PROBLEM DETAILS - Starting at the first entry below, repeat all the data word for word and drop the pictures.

MATERIAL SHOWN -
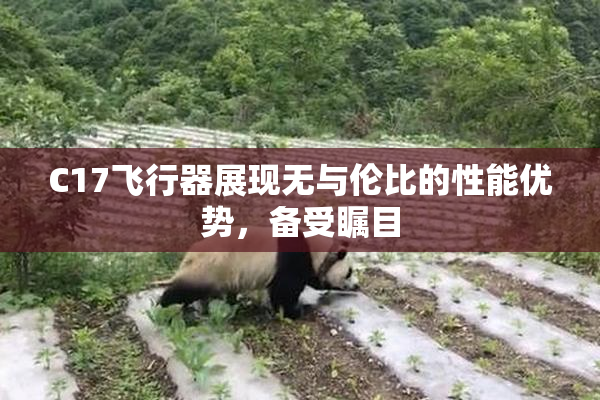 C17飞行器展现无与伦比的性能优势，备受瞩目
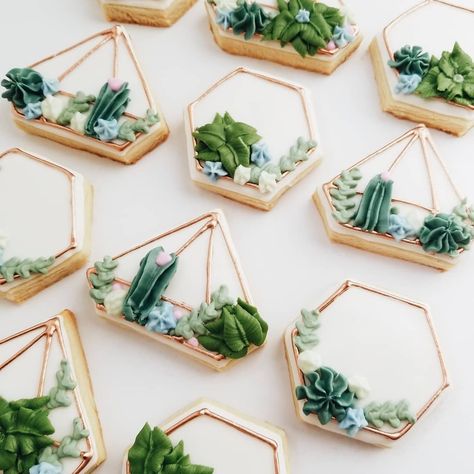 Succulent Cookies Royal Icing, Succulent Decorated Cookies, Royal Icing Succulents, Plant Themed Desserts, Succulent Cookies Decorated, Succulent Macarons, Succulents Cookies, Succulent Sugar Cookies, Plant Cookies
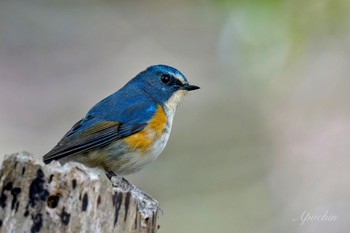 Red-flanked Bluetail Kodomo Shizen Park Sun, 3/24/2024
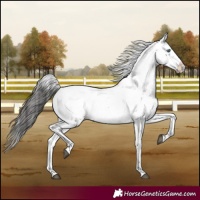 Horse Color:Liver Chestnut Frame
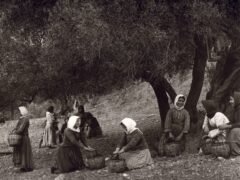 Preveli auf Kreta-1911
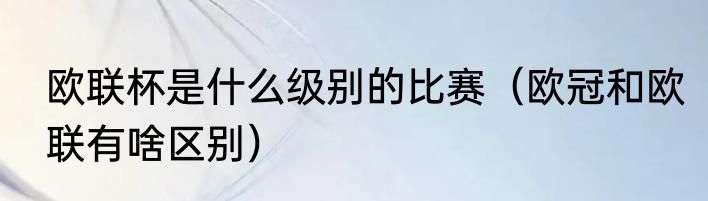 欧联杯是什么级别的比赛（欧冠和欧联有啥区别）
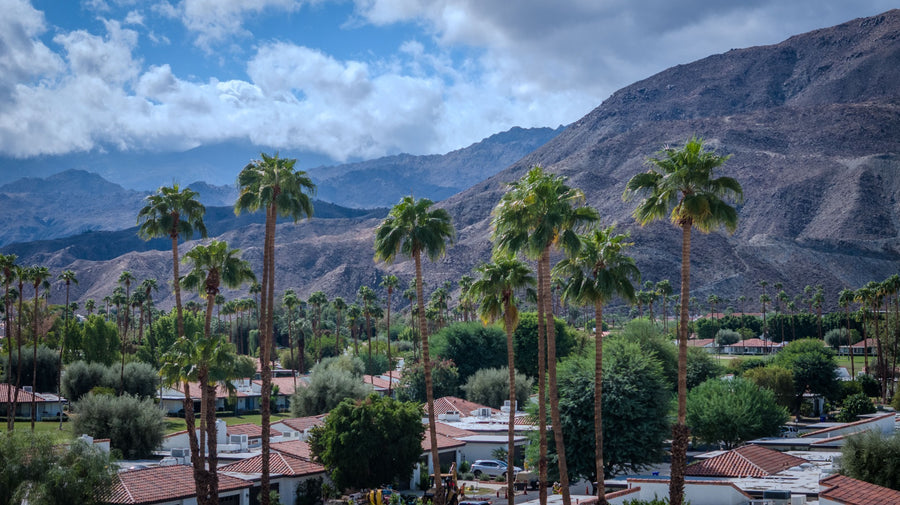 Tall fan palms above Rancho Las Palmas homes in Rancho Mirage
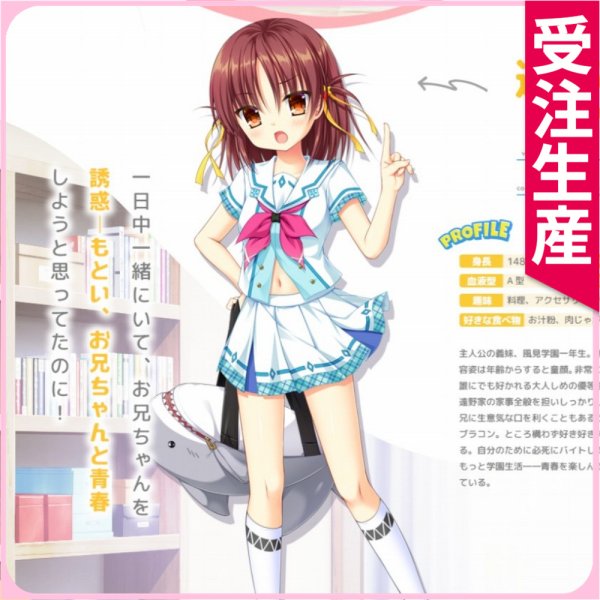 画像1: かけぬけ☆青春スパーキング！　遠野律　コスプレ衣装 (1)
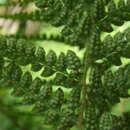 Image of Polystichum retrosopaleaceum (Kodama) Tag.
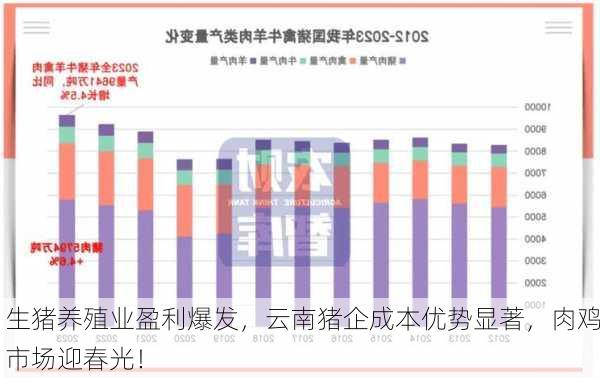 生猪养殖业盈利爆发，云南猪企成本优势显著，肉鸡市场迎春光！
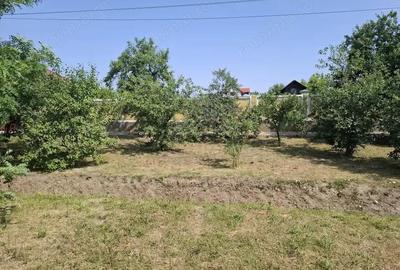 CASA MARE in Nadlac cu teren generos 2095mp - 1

RESPONSE -
 C17飞行器展现无与伦比的性能优势，备受瞩目
 Succulent Cookies Royal Icing, Succulent Decorated Cookies, Royal Icing Succulents, Plant Themed Desserts, Succulent Cookies Decorated, Succulent Macarons, Succulents Cookies, Succulent Sugar Cookies, Plant Cookies
 Red-flanked Bluetail Kodomo Shizen Park Sun, 3/24/2024
 Horse Color:Liver Chestnut Frame
 Preveli auf Kreta-1911
 欧联杯是什么级别的比赛（欧冠和欧联有啥区别）
 Tall fan palms above Rancho Las Palmas homes in Rancho Mirage
 画像1: かけぬけ☆青春スパーキング！　遠野律　コスプレ衣装 (1)
 Image of Polystichum retrosopaleaceum (Kodama) Tag.
 生猪养殖业盈利爆发，云南猪企成本优势显著，肉鸡市场迎春光！
 CASA MARE in Nadlac cu teren generos 2095mp - 1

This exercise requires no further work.